The International Journalism Festival weekly round-up. Stay up to date by subscribing to our newsletter, by following our Telegram channel, or by joining us on Facebook and Twitter.
12th journalist murdered in Mexico this year. Antonio de la Cruz, a journalist for the local newspaper Expreso, was shot dead on 29 June near his home in Ciudad Victoria, the capital of the northeastern state of Tamaulipas. According to reports, de la Cruz was shot multiple times by a person on a motorcycle as he was driving his car. De la Cruz died at the scene while his daughter, who was also in the car, died two days later.
Statement on the designation of Bellingcat as an ‘undesirable organisation’ in Russia. “We accept the Russian government’s designation as direct evidence of the importance, relevance and effectiveness of our investigations. We will continue unabated our investigative work which seeks to shed light on wrongdoing globally, including in Russia.”
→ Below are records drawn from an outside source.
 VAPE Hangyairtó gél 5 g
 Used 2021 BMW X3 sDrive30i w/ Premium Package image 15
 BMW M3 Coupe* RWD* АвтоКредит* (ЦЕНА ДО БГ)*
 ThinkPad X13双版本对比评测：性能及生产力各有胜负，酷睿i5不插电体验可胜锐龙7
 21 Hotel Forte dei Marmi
How Vox became world’s top news publisher on YouTube. Vox videos are rarely pegged around an urgent news story. If they do focus on an ongoing major event, like the war in Ukraine, the piece will be released a week or two after the news breaks.
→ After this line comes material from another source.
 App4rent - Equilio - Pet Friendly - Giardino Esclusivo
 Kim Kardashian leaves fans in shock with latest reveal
What 8.5 million tweets targeting Rana Ayyub tell us about online violence and the failure to stop it. As journalist Rana Ayyub is found to be one of the most brutally targeted women journalists on Twitter, ICFJ’s Julie Posetti discusses the failure of big tech companies to arrest online violence, even as abuse and harassment on social media lead to psychological injury and offline attacks.
Why The Guardian shared its Uber Files investigation with rivals. Sharing a scoop with journalists on rival publications ahead of publication is almost unheard of – but when The Guardian’s Paul Lewis obtained a huge cache of files revealing corruption at tech giant Uber he decided to do just that.
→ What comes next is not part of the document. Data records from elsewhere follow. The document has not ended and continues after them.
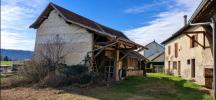 Annonce Vente 9 pi�ces Maison Vezeronce-curtin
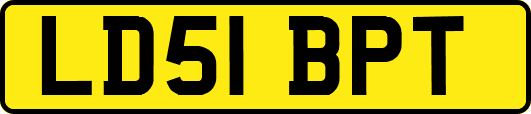 LD51BPT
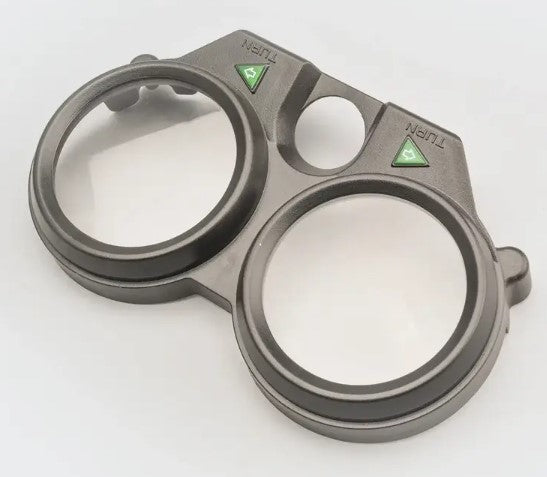 Speedometer Top Cover for Splendor-HERO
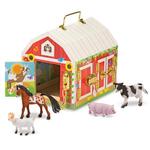 Melissa and Doug Latches Barn PC 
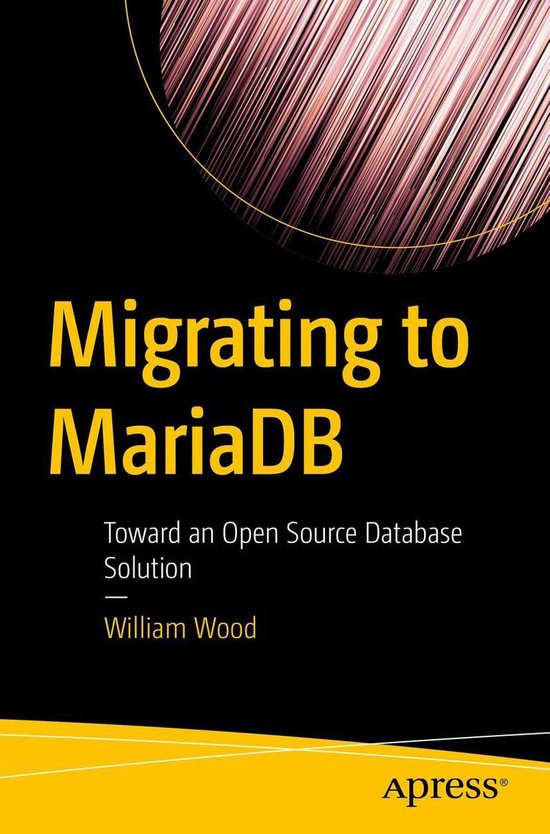 Foto: Migrating to mariadb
There’s a bigger risk to journalists’ mental health than PTSD. When journalists in conflict zones or natural disasters are expected to step outside their roles, it can have a damaging effect.
Ukraine’s ABO: defending local journalism amid upheaval of war. The war has had especially devastating consequences on one of the most challenged sectors of journalism: local news. As a response to the crisis facing local media in Ukraine, in March the ABO Local Media Development Agency, which supports a network of hyperlocal media in the country, embarked on a large-scale donor fundraising campaign.
A new kind of partnership: journalists and civil society organizations are teaming up. The practice upends the industry’s drive for neutrality. But cross-field collaborations are becoming more commonplace to help bolster investigative work.
We support a global effort to address misinformation. The European Journalism Centre joins the Content Authenticity Initiative.
Closing the AI gap: how small news publishers can benefit. AI implementation in the newsroom is not all about the technology, there are other important aspects to factor in like the resources: time, money, people.
English courts get new powers to dismiss SLAPP cases against reporters. The government has announced proposals for a three-stage test to tackle at an early stage intimidatory legal actions against reporters and publishers.
As many journalists come under attack, TRF launches a free tool to monitor online abuse. Designed with the help of Jigsaw, TRFilter allows users to mute and block abusers at scale.
The first ten grantees of the Solutions Journalism Accelerator programme. €1.3 million of grants awarded for solutions-oriented development reporting.
Is the future of fact-checking automated? Fact-checkers in London have developed a verification tool to live fact-check false claims with a goal of global implementation.